1 Nov 2025 11:18

Finance Ministry comes back to plans to place yuan-denominated bonds, could place before end of year - media

MOSCOW. Nov 1 (Interfax) - The Russian Finance Ministry has more than once announced plans to issue yuan-denominated bonds, and they have not yet been implemented, but it could place them before the end of this year, Reuters said, citing sources from the financial market and the ministry.

The provisional placement date will be the beginning of December and the Finance Ministry is hoping to attract a large circle of investors, from bankers and managing companies to brokers operating on the retail clients market, a ministry representative told Reuters. There could be several placements, each amounting to the equivalent of 100 billion rubles.

The Finance Ministry first announced plans to place yuan-denominated bonds on the Moscow Exchange in November 2015. This has been a regular topic of discussion since then.
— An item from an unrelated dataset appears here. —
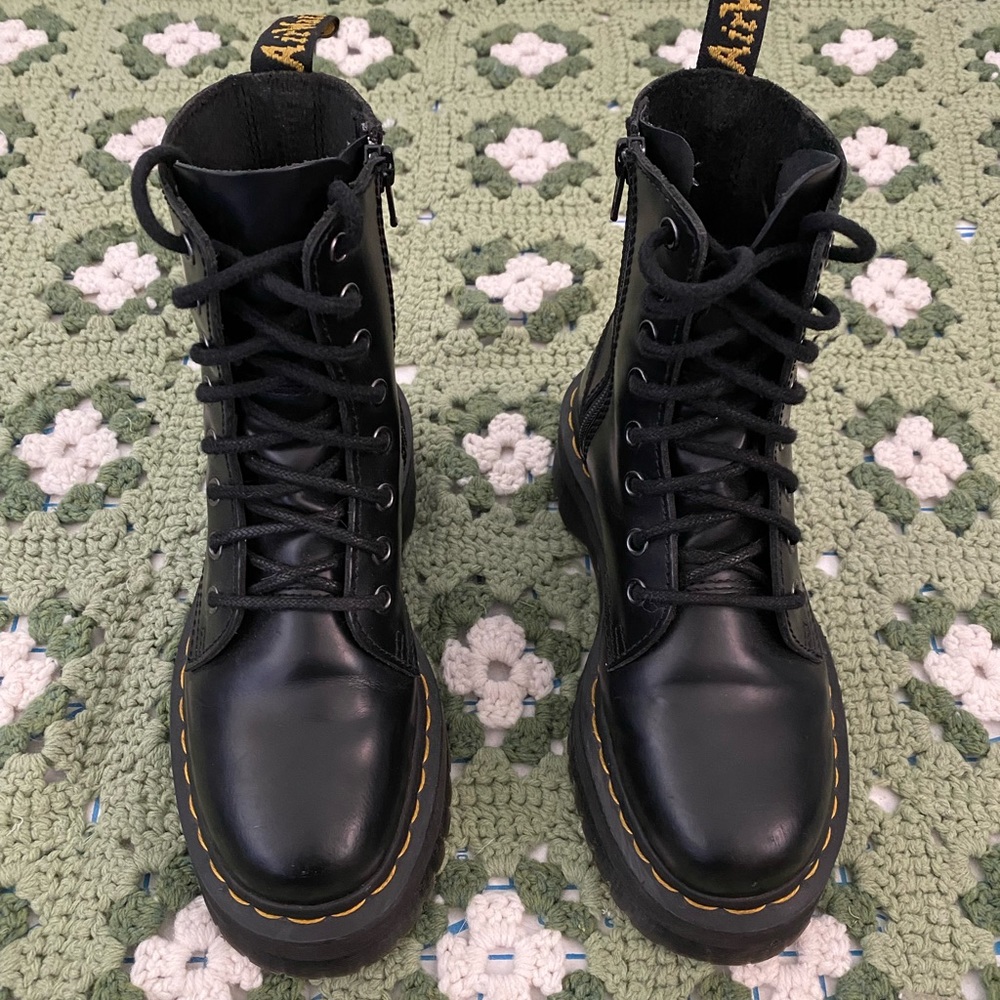 Dr. Martens Black Leather Platform Lace-Up Boots with Yellow Stitching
It was initially planned that the bonds would be placed on the Moscow Exchange and the buyers would be large investors from mainland China. Representatives from the Finance Ministry said that this placement option had been complicated by the need to solve regulatory issues, partly relating to restrictions on Chinese investors purchasing foreign securities.
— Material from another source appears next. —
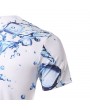 Mens Summer Unique Fashion Ice Cubes Printing O-neck Short Sleeve Casual Cool T-shirt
At the end of 2017, sources from Western and Russian media said that the Russian Finance Ministry would place the yuan-denominated bonds in a matter of weeks. Though the transaction did not take place in the end, these plans have not fallen off the agenda.
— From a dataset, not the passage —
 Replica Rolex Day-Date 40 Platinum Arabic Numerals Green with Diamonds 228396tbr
Timur Maximov, then Deputy Finance Minister and responsible for overseeing borrowing, said in September 2022 that the Finance Ministry had two models for placing yuan-denominated bonds. The first was more complicated and required the participation of Chinese investors. The second involved placing yuan-denominated bonds for local Russian investors. He said that this model could make sense if the federal budget starts financing its foreign currency operations in yuan, as the placement of yuan-denominated bonds means moving free yuan liquidity to budget accounts.